What is being asked: Write out exactly, and only, the lines below from the line with "A győztes Hamilton" through the line with "A compact kitchen"; pictures do not belong in the copy.

*** Excerpted records ***

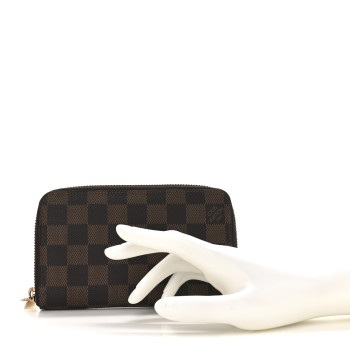 LOUIS VUITTON Damier Ebene Zippy Compact Wallet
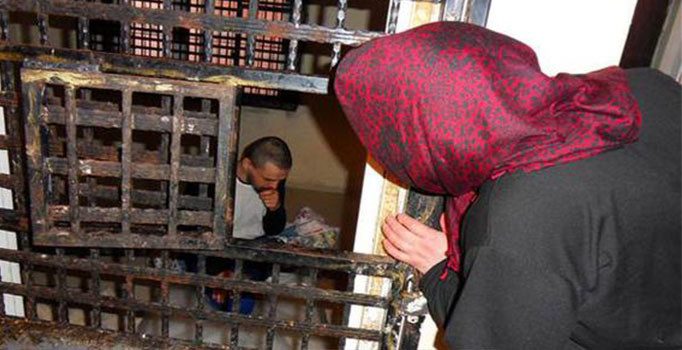 Oğlu için evini cezaevine çevirdi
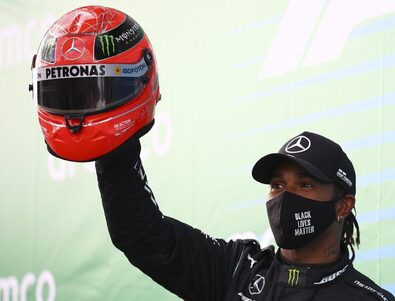 A győztes Hamilton megdöntötte Michael Schumacher rekordját. Fotó: MTI / EPA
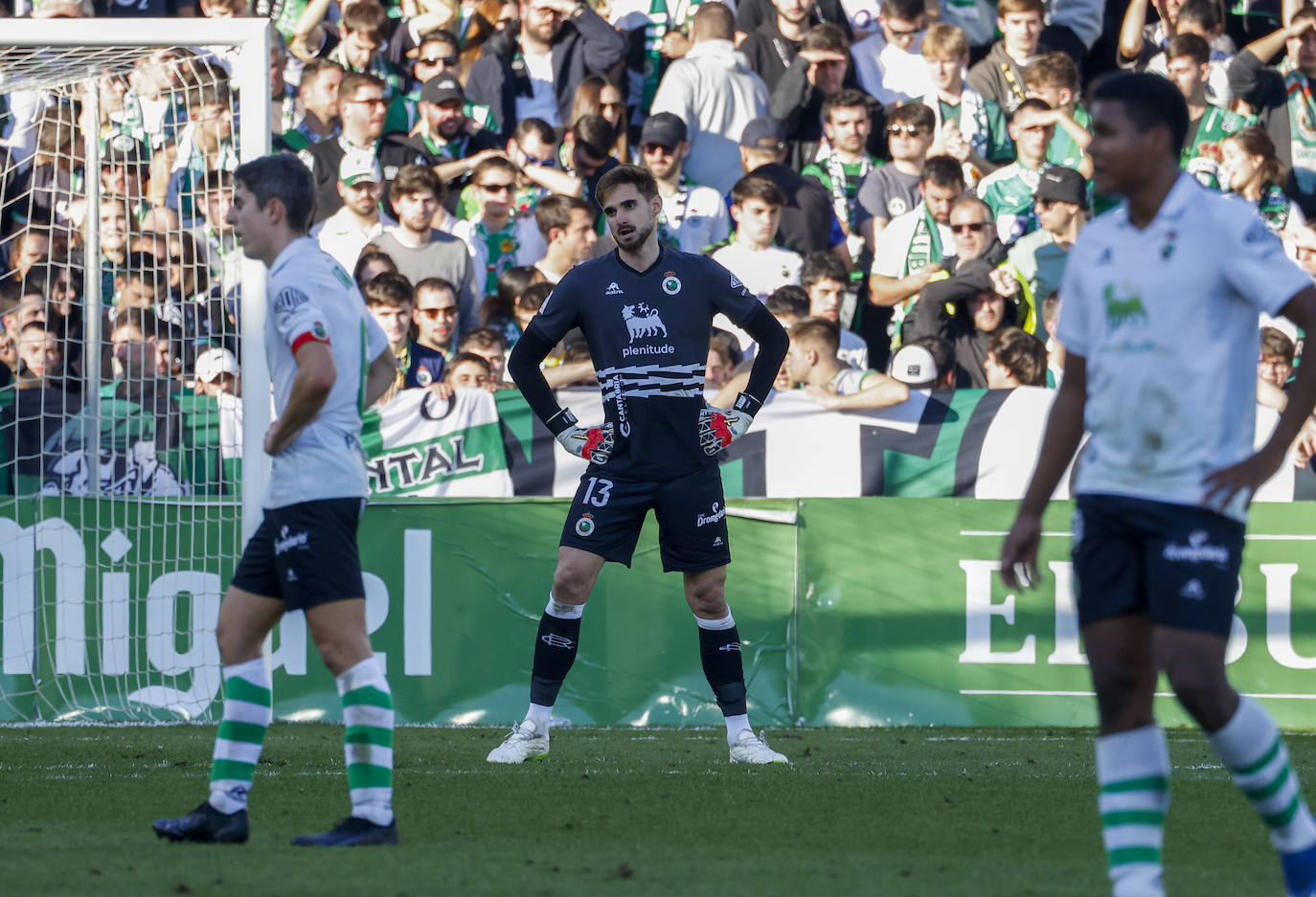 Ezkieta, que había subido a rematar un córner, llegó a su portería antes de la contra del Cartagena, pero no pudo evitar el segundo tanto. 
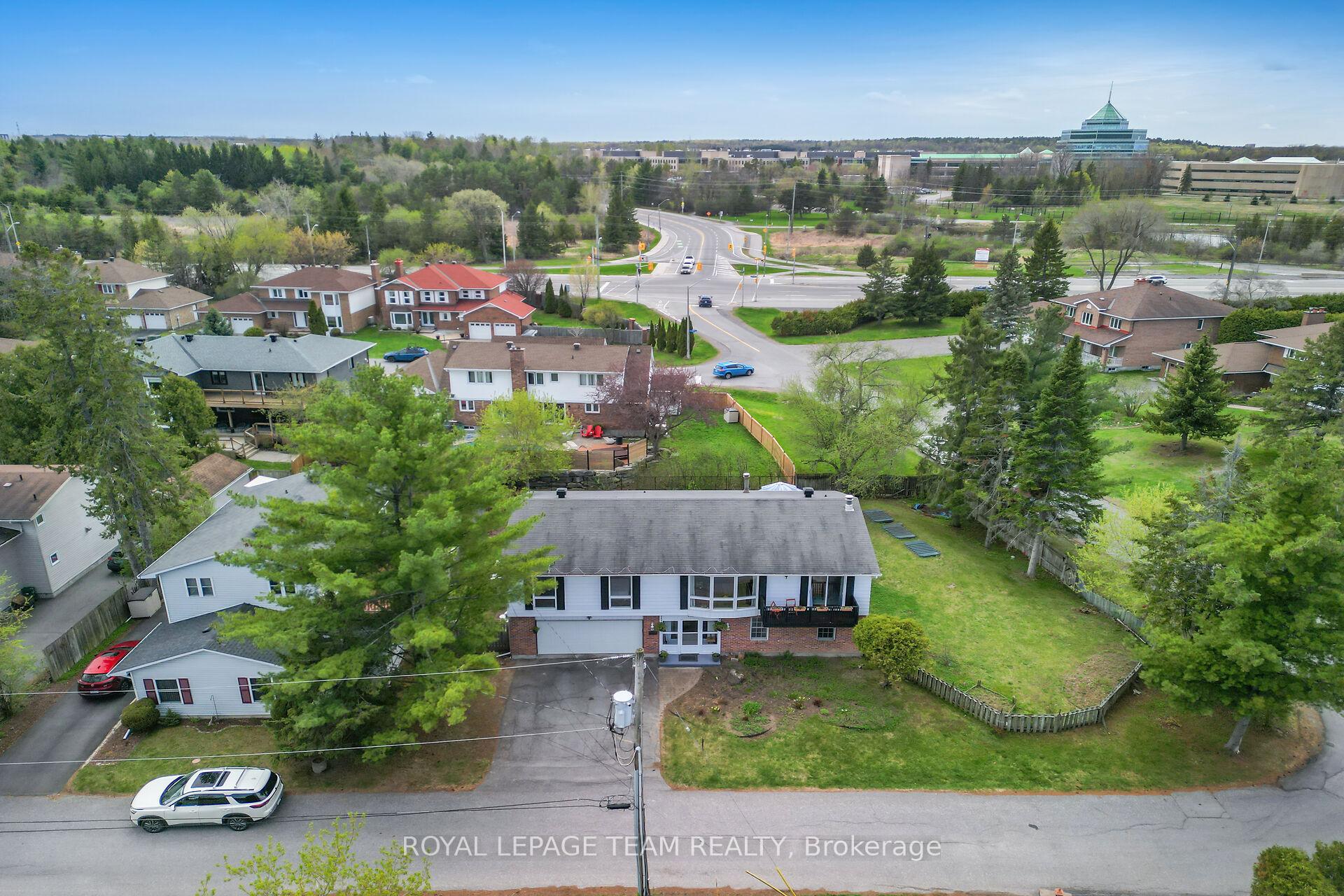 Photo 43 of 136 James Cummings Avenue, Ottawa, Crystal Bay/Rocky Point — HOMEH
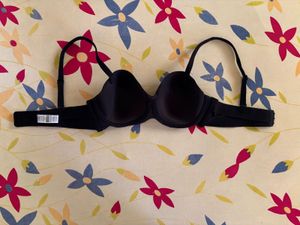 Black strapless bra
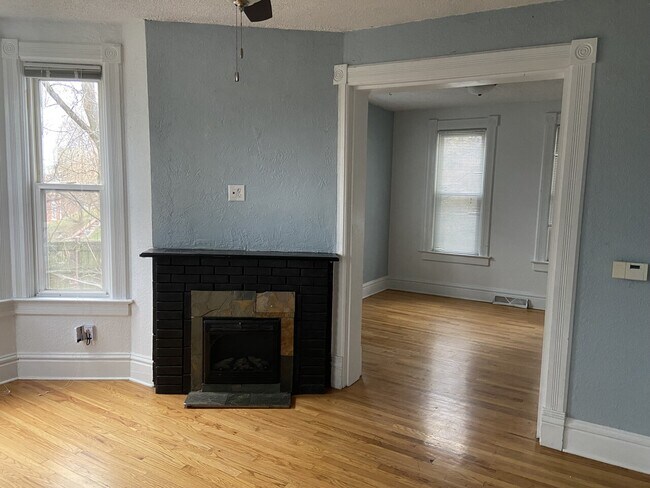 Building Photo - Chestnut- 609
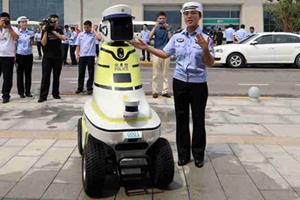  ربات‌ها دستیار افسران راهنمایی و رانندگی شدند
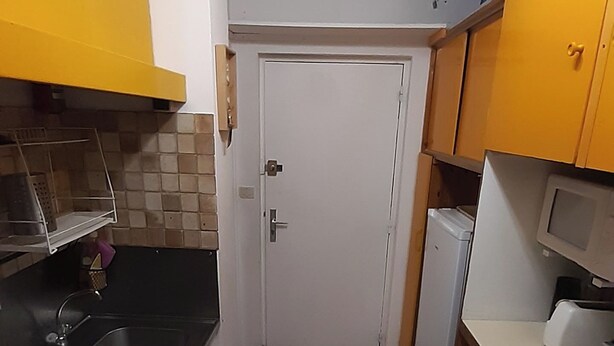 A compact kitchen with a stove, sink, and a refrigerator. - Studio at the foot of the slopes for 6 people Le Bois d'Aurouze (Dévoluy)
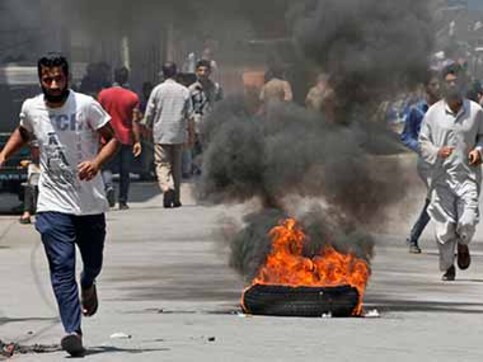 Over 6500 people booked for violence in Jammu and Kashmir in 2010: state govt Over 6500 people booked for violence in Jammu and Kashmir in 2010: state govt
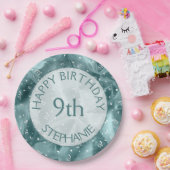 Personalisiere: "Happy Birthday" Aq uaTextured Pappteller (Party)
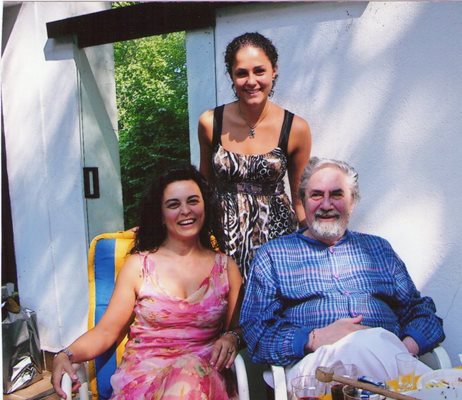Никола Гюзелев, Анна-Мария и дъщеря им Адриана в доброто старо време...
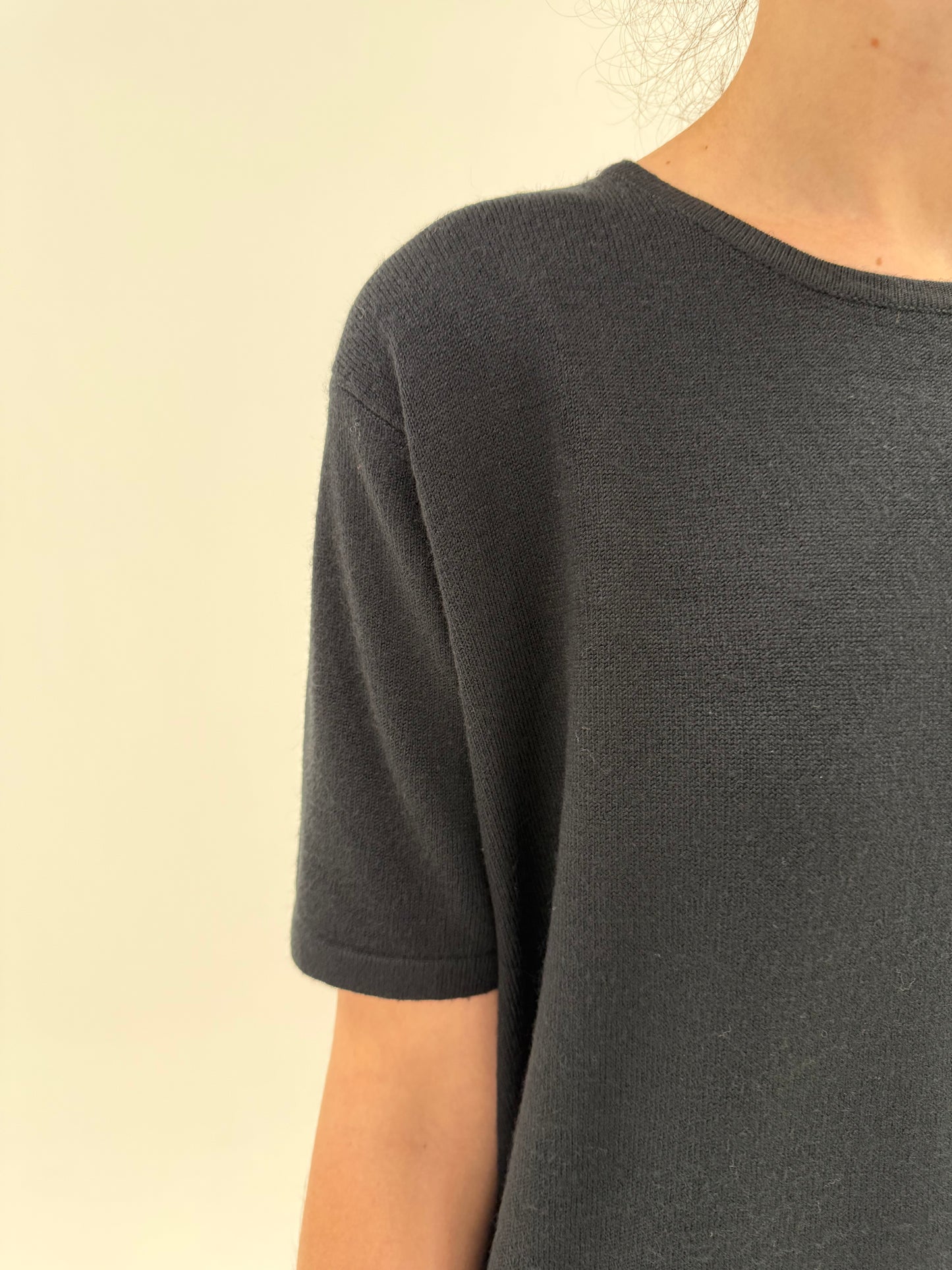 Top negru din lana merino extrafina cu elastan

*** End of Excerpted records ***

Result for this exercise:
 A győztes Hamilton megdöntötte Michael Schumacher rekordját. Fotó: MTI / EPA
 Ezkieta, que había subido a rematar un córner, llegó a su portería antes de la contra del Cartagena, pero no pudo evitar el segundo tanto. 
 Photo 43 of 136 James Cummings Avenue, Ottawa, Crystal Bay/Rocky Point — HOMEH
 Black strapless bra
 Building Photo - Chestnut- 609
  ربات‌ها دستیار افسران راهنمایی و رانندگی شدند
 A compact kitchen with a stove, sink, and a refrigerator. - Studio at the foot of the slopes for 6 people Le Bois d'Aurouze (Dévoluy)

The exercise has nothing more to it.